It still boggles my mind that this is a thing. We have had multi-core CPU and GPU's for nearly a decade now. It's great that finally with Dx12 Microsoft is addressing this issue but in reality this is what Dx10 should have been tackling unless there is some super serious technical reason why Microsoft couldn't have sorted out this huge bottleneck before now.
This image is such an oversimplification that it is factually incorrect. DX12 has nothing to do with "cores", it has everything to do with giving developers the ability to control what is executed where. So you still can actually have the "DX11" image under DX12, and DX12 won't do anything for you to allow for such parallel workload distribution. What this picture should've looked like is actually CPU->App/DX12->GPU compared to CPU->DX11->GPU.
Think of it in terms of CPU parallelization - this can't be done effectively automatically to a single thread program. This is essentially how DX12 is different from DX11 - it allows programmers to manually parallelize their GPU workload instead of leaving this to DX9/10/11 automatics.
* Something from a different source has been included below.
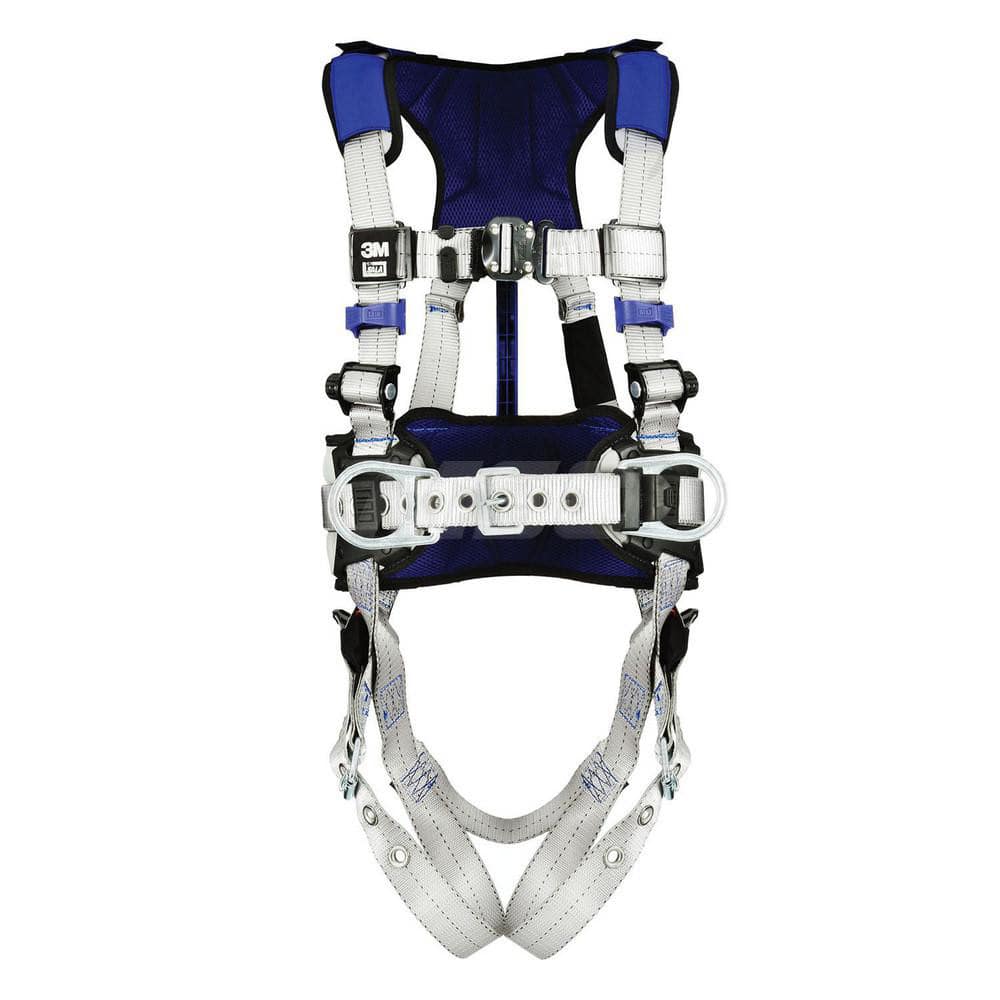 Fall Protection Harnesses: 420 Lb, Construction Style, Size Small, For Construction & Positioning, Back & Hips MPN:7012817603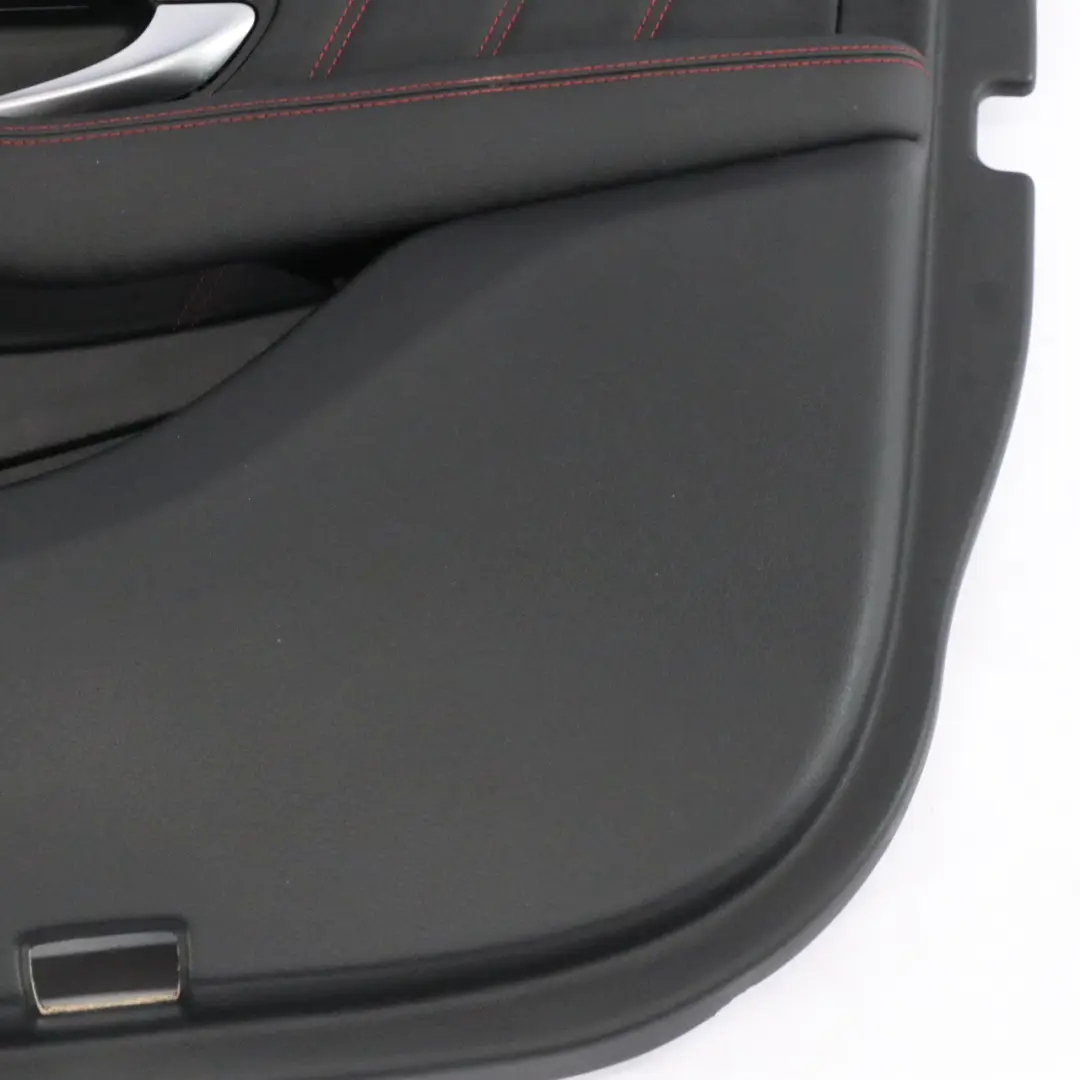 Mercedes C253 Door Card Trim Panel Front Right O/S Panel Black A2537207904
Why now? Both OS and GPU code has evolved to a point where allowing an application to do complex stuff on the GPU isn't as much of a risk to the environment stability as it would be on Win9x and Win2k/XP driver models. No, GPU architectures looking like they're closer to each other have nothing to do with this - only features are important, and we have GPUs with similar features since the first 3D chips.